Since the Holmes stories are presented as Doctor Watson's recounting the adventures of Sherlock Holmes, we could say that Watson misreported Holmes' utterance. Call this a False Watson interpretation. According to such an interpretation, there are many different Holmes-worlds in which Holmes says something a propos of finding the cartridge; in all of them, Watson misreports Holmes' utterance as the one given in the story. This maneuver seems too slick. First, it opens the way for Holmes-worlds in which Watson makes up all the details of the stories. Second, there is no interpretive payoff. The stories are no richer if we attach an explicit "or so Watson says" to every sentence in them. Third, we are left wondering why Watson misreported Holmes' utterance. If it was a blunder on Watson's part, then False Watson is just a variant of Authorial Blunder.

There is another option: Given that Holmes said what he said and that Holmes is clever, then the revolver's having an ejector must be relevant to the cartridge's being in the flower bed. This would all make sense if revolvers kicked out spent cartridges in Holmes-worlds, much in the way that rifles and semi-automatic pistols do in the actual world. Watson would not remark on such a fact, because it would be perfectly ordinary in his world. This interpretation solves the problem at hand without any of the problems that faced Reload and False Watson. Call this the Alternate Revolvers interpretation.*

I find this final interpretation wholly unappealing. I presume that Conan Doyle intended for Holmes-worlds to be like the actual world. He meant for there to be differences, like the existence of a brilliant detective at 221B Baker Street, but he did not intend far-reaching and subtle differences like this one. If revolvers are different in Holmes-worlds, it was due to a mistake by Conan Doyle.
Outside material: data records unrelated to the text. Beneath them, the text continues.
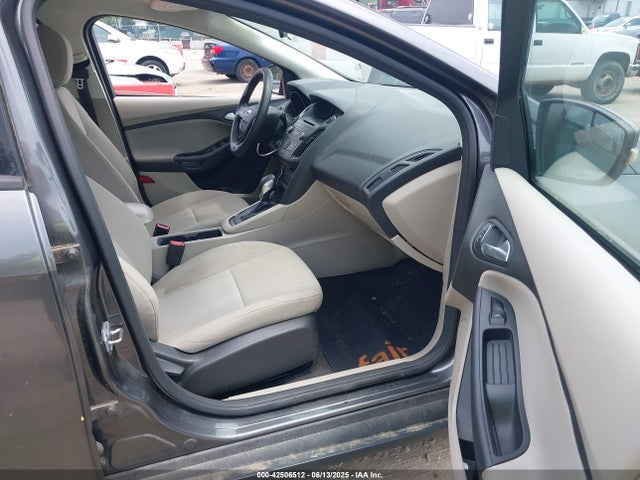 Ford FOCUS SE 2017 1FADP3K26HL232194 Image 5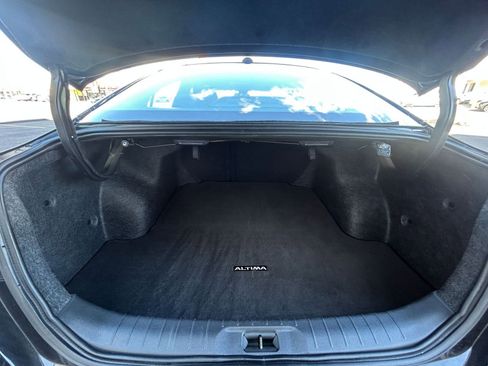 Used 2025 Nissan Altima 2.5 SV image 31
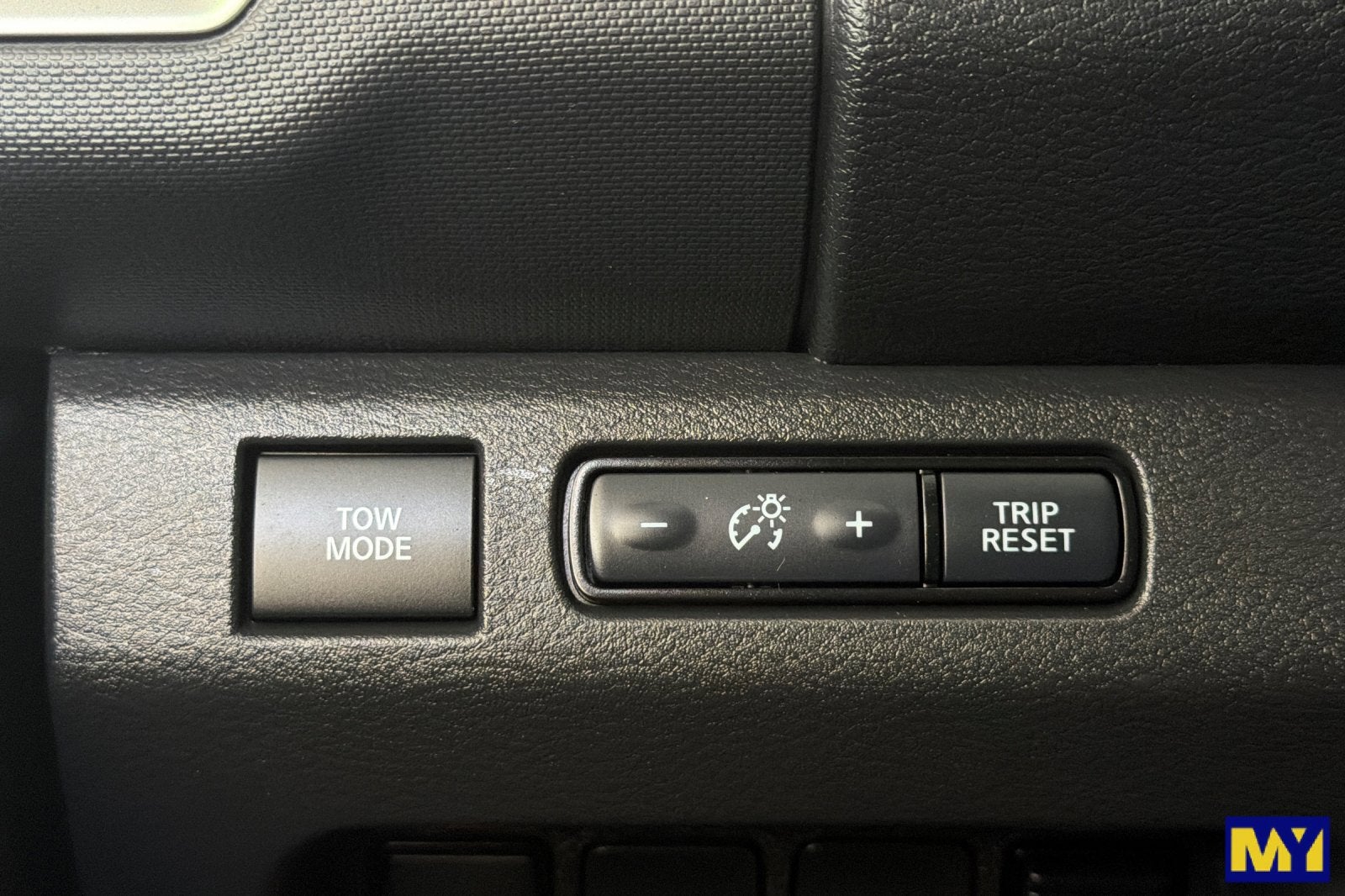 2022 Nissan Frontier Crew Cab SV 4x2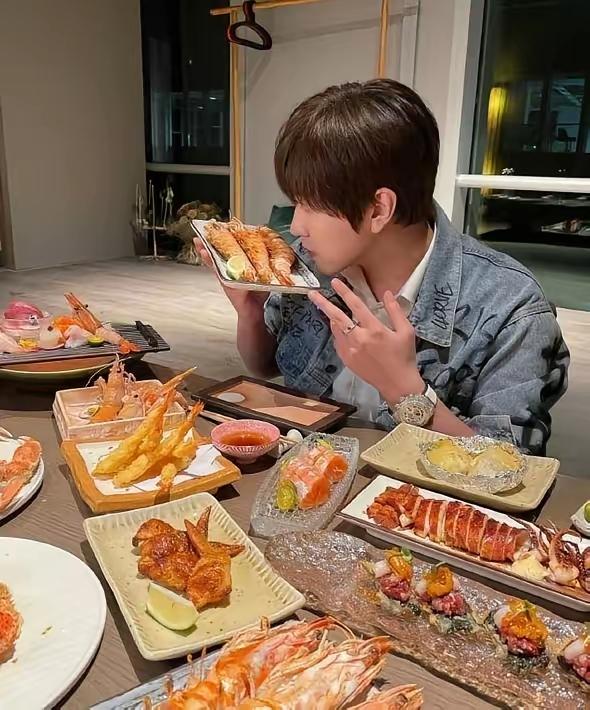 白冰的人生简直大起大落。
从月薪四千的发廊小哥，逆袭成年入千万的探店顶流，凭蟹黄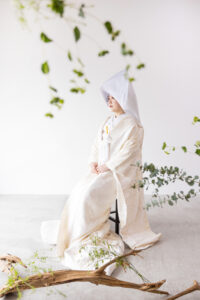 富山のフォトスタジオで白無垢に綿帽子を着用してフォトウェディングを行う和装新婦のソロ前撮り写真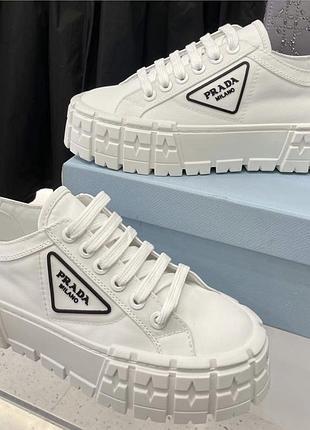 Жіночі кеди prada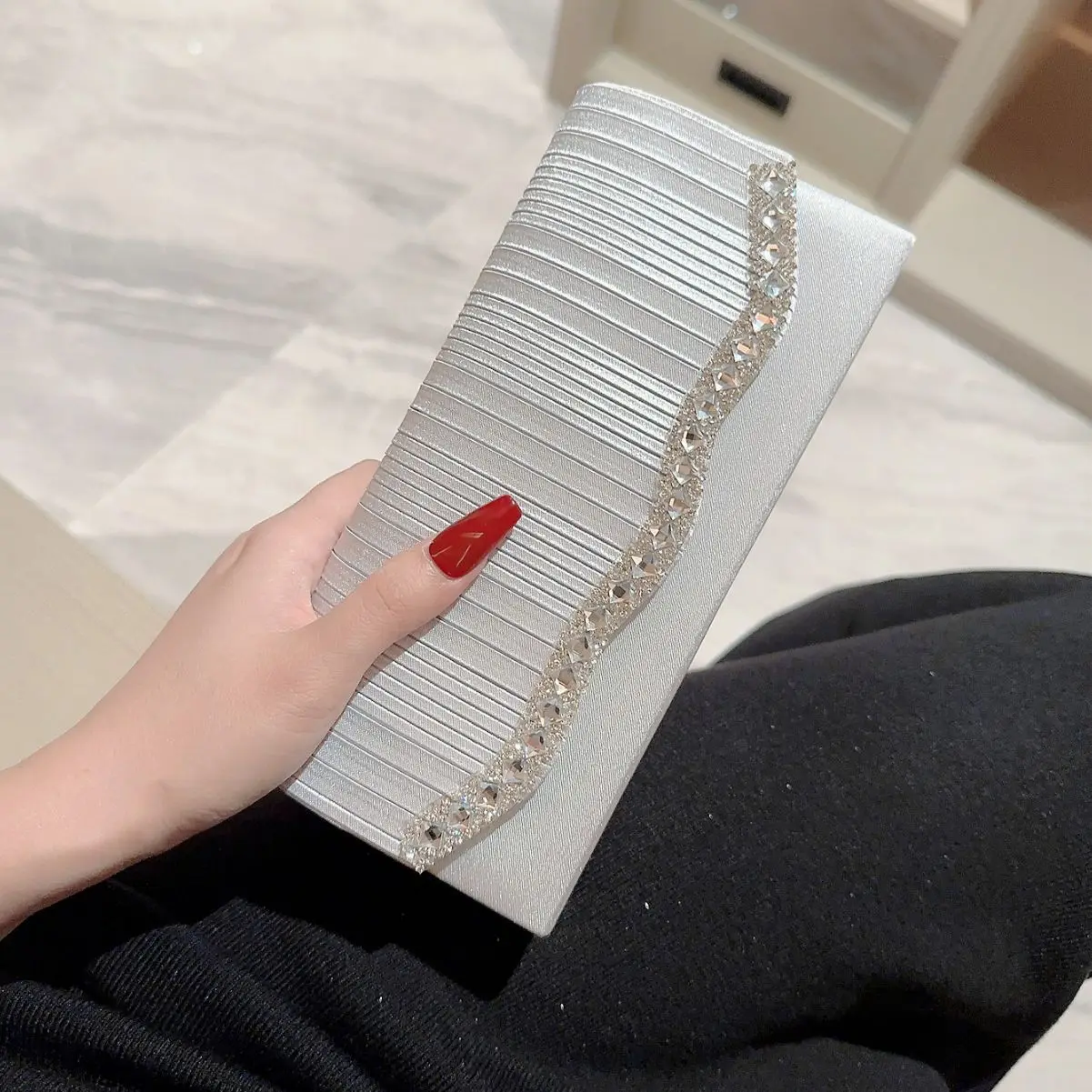 2023 New Women Diamond Clutch Bags Bling Silk Dinner Wallets Fold Mini Party Chain Bags 2 Colors Drop Shipping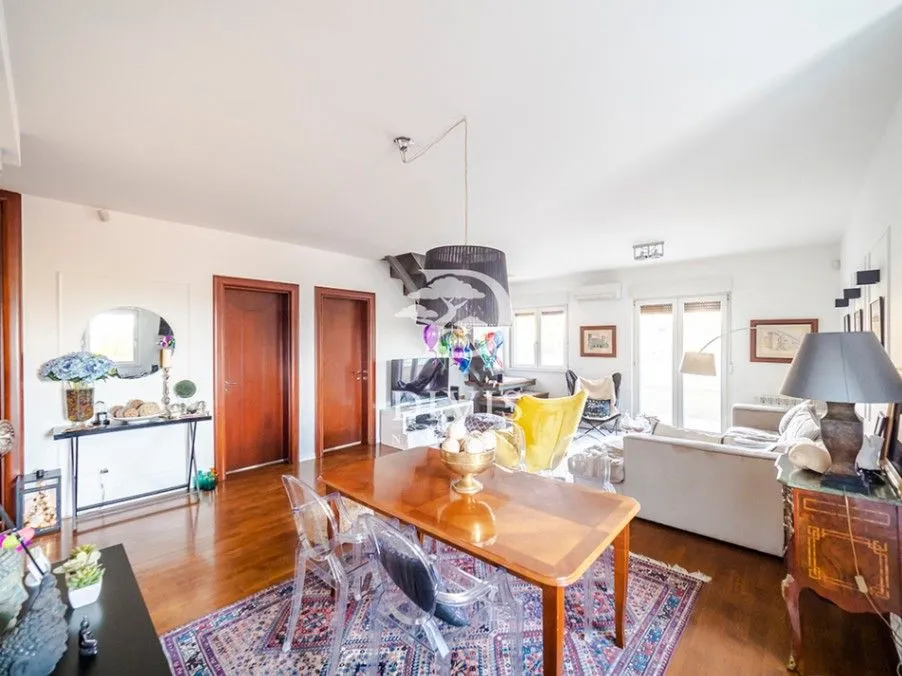 Sale, four bedroom apartment, 124m², Savski Venac, Beograd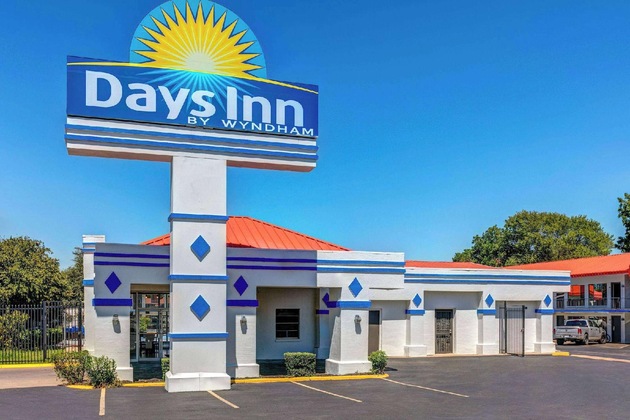 Gallery - Days Inn By Wyndham South Fort Worth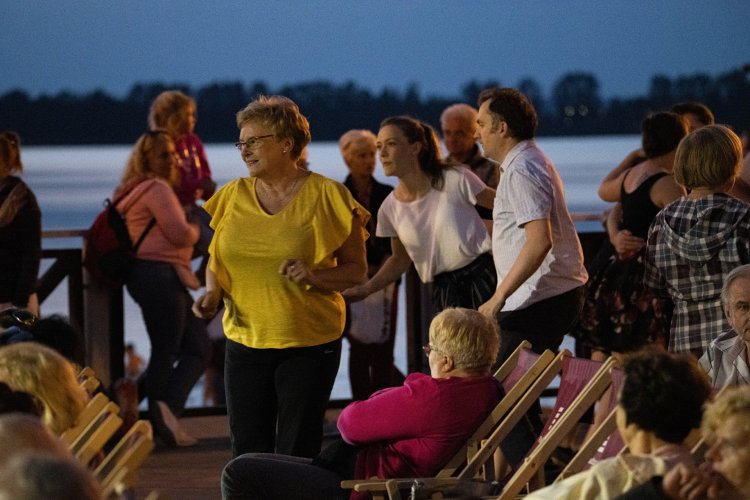 042 - Lazy Swingers Band-Pogoria.jpg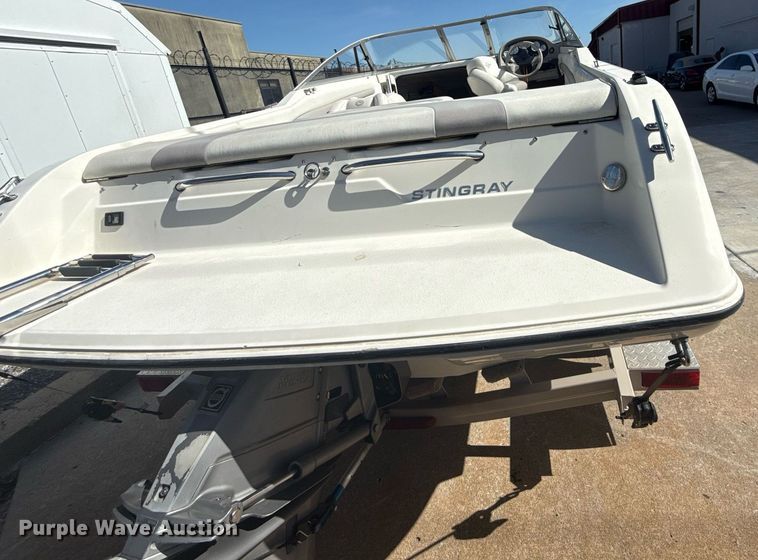 image for item EG8122 Stingray 220 Series boat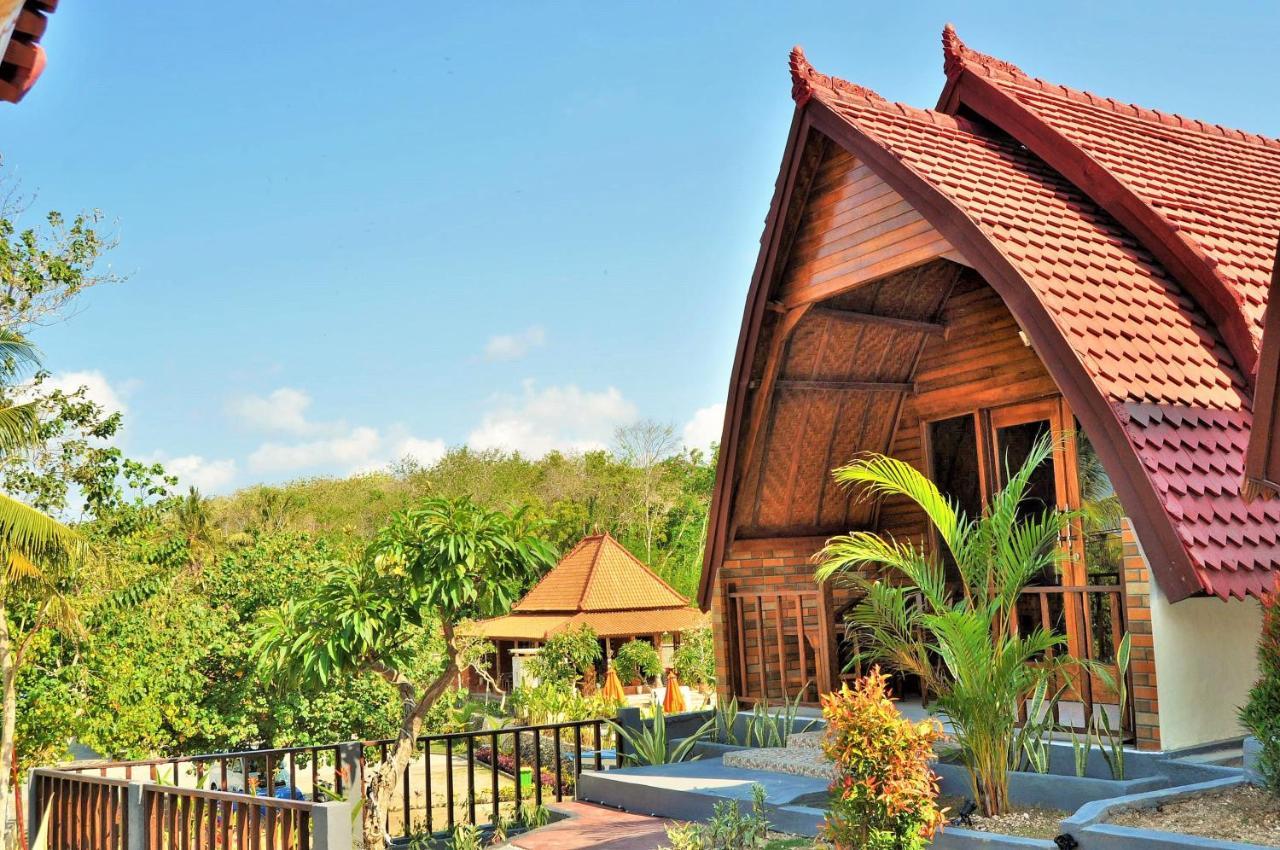 Surya Chandra Beach Bungalow Batununggul Dış mekan fotoğraf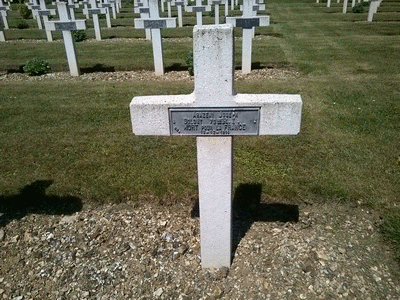 Tombe deAVAZERI Joseph Louis de Candide à <a HREF=fotom2l.php?necro=142>  <U>Amiens (NÃ©cropole Nationale "Saint-Acheul)</U> </A> 591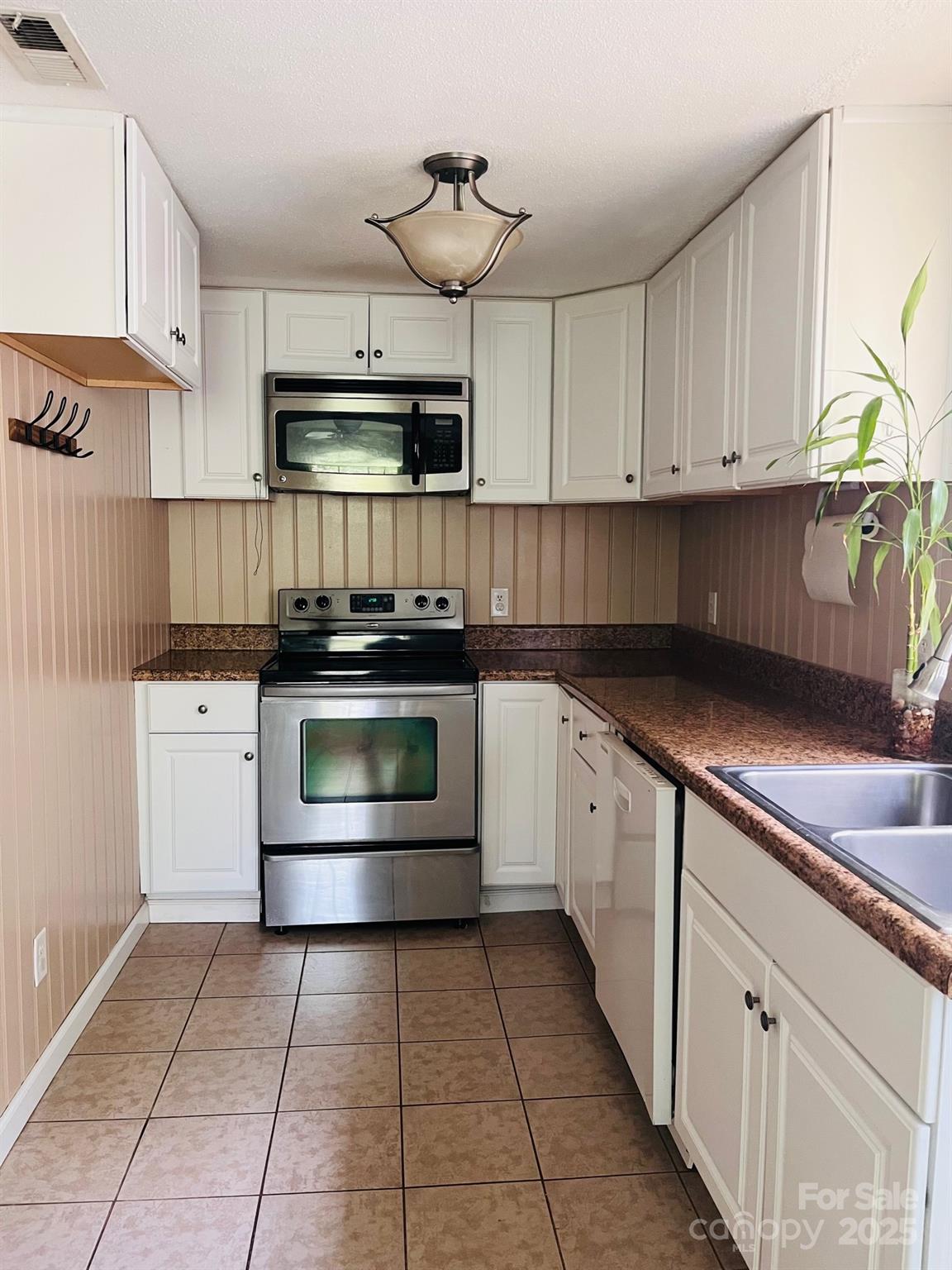 Property image 1 at 3232 Wilson Heights Drive, Hildebran, NC 28637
As such, Alternate Revolvers must agree with Authorial Blunder that Conan Doyle goofed.** Conan Doyle's goof does not make the story incoherent, and so we can still ask what Holmes-worlds must be like. Alternate Revolvers does this, plowing ahead to consider revolvers and ejectors in Holmes-worlds. Thus, it continues to take the narrative seriously as a story. Authorial Blunder refuses to do so. It uses the goof as a reason to overlook this passage when thinking what Holmes-worlds must be like. Is my resistance to Alternate Revolvers just an instance of the Problem of Imaginative Resistance?


* The Alternate Revolvers interpretation might be weakened so as to describe some Holmes-worlds. Other interpretations, like the Reload interpretations, might be true in some other Holmes-worlds.

** One might use this as part of an argument for Authorial Blunder on grounds of parsimony. If we use Ockham's razor to shave off the revolver's ejector, however, we might just as well use it to shave off the whole discussion of Holmes-worlds. In the actual world, there are just words on a page.